11/2009; 68(1):110-120. DOI: 10.1016/j.pep.2009.05.010
Over-expression and purification of soluble and functional proteins remain critical challenges for many aspects of biomolecular research. To address this, we have developed a novel protein tag, HaloTag7, engineered to enhance expression and solubility of recombinant proteins and to provide efficient protein purification coupled with tag removal. HaloTag7 was designed to bind rapidly and covalently with a unique synthetic linker to achieve an essentially irreversible attachment. The synthetic linker may be attached to a variety of entities such as fluorescent dyes and solid supports, permitting labeling of fusion proteins in cell lysates for expression screening, and efficient capture of fusion proteins onto a purification resin. The combination of covalent capture with rapid binding kinetics overcomes the equilibrium-based limitations associated with traditional affinity tags and enables efficient capture even at low expression levels. Following immobilization on the resin, the protein of interest is released by cleavage at an optimized TEV protease recognition site, leaving HaloTag7 bound to the resin and pure protein in solution.

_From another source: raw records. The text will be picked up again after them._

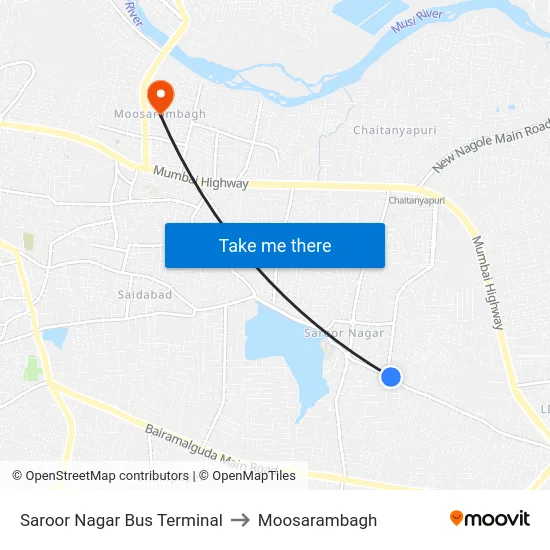 Saroor Nagar Bus Terminal to Moosarambagh map
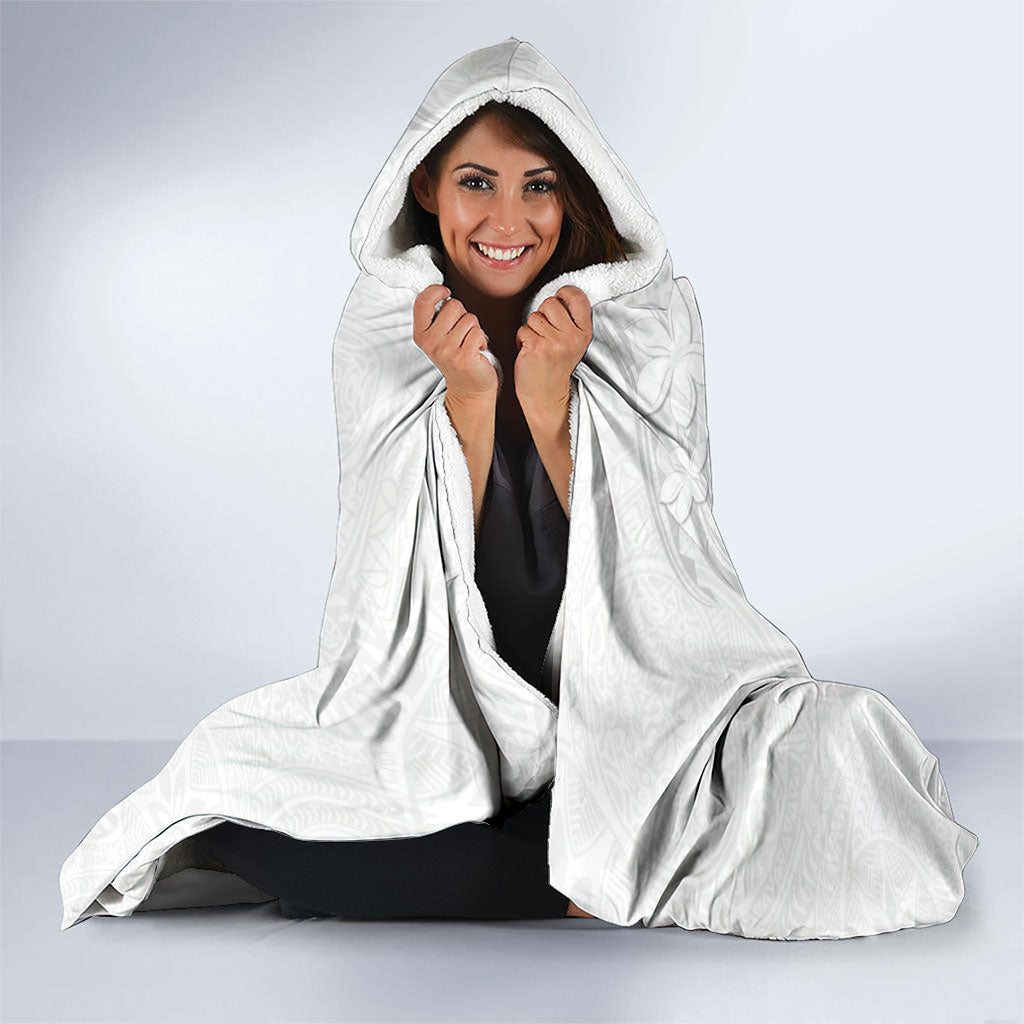 American Samoa White Sunday Hooded Blanket Polynesian Pattern With Tropical Flowers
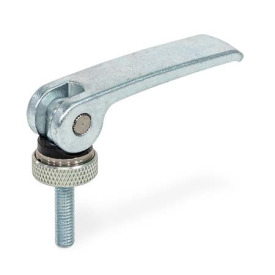 GN 927.3 Exzenterspanner mit Schraube, Hebel Stahl Form: A - Kunststoff-Auflagescheibe mit Stellmutter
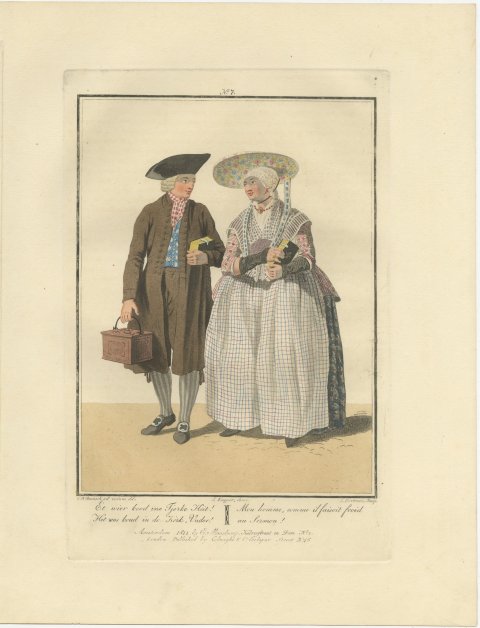 Frisian Couple after the Sermon, Dutch Costume Print, 1811, view 2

Evaluation of HaloTag7 for expression of 23 human proteins in Escherichia coli relative to MBP, GST and His6Tag revealed that 74% of the proteins were produced in soluble form when fused to HaloTag7 compared to 52%, 39% and 22%, respectively, for the other tags. Using a subset of the test panel, more proteins fused to HaloTag7 were successfully purified than with the other tags, and these proteins were of higher yield and purity.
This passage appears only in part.